GRPO-RoC filters positive trajectories for quality while preserving diverse failures as negative signal, allowing a 14B model to reach frontier math performance in 510 RL steps, surpassing much larger models with cleaner reasoning.
Stream of Search pretraining, which represents exploration and backtracking as serialized strings, achieves 25% higher accuracy than optimal-trajectory-only training. Models learn internal world models for search and adaptive strategies rather than fixed external methods.
Self-distillation reduces performance in mathematical reasoning by eliminating epistemic markers like "Wait" and "Hmm" tokens that flag flawed reasoning paths. These tokens enable self-correction on out-of-distribution problems, so removing them sacrifices robustness for confident brevity.

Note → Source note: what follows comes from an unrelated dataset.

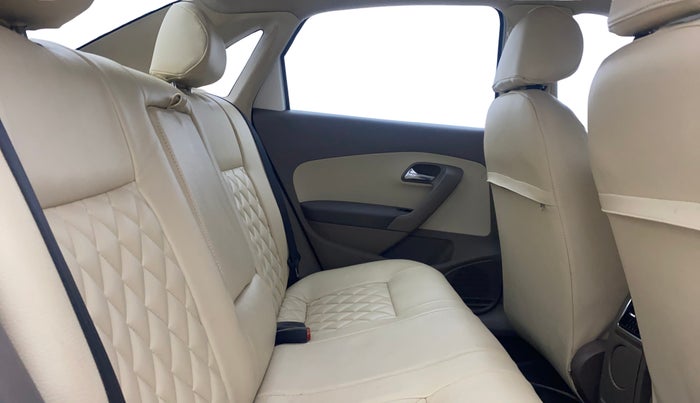 2013 Skoda Rapid AMBITION 1.6 TDI CR MT PLUS, Diesel, Manual, 81,509 km, Right Side Rear Door Cabin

Teachers conditioned on correct answers and verifier output produce confident, concise traces that students inherit. This style suppresses uncertainty expression, optimizing in-domain performance while degrading generalization to out-of-distribution problems that require epistemic caution.
Training on nearly-impossible problems causes models to learn degenerate shortcuts rather than genuine reasoning, and these shortcuts contaminate pre-existing capabilities. Group-relative normalization treats rare accidental successes as high-advantage trajectories, reinforcing answer repetition and computation-skipping instead of sound reasoning patterns.
AutoResearchClaw's pivot-or-refine loop routes every failure through a decision process, making failure inform the next attempt rather than stop execution. Component ablation shows this mechanism drives completion and is distinct from reasoning or verification.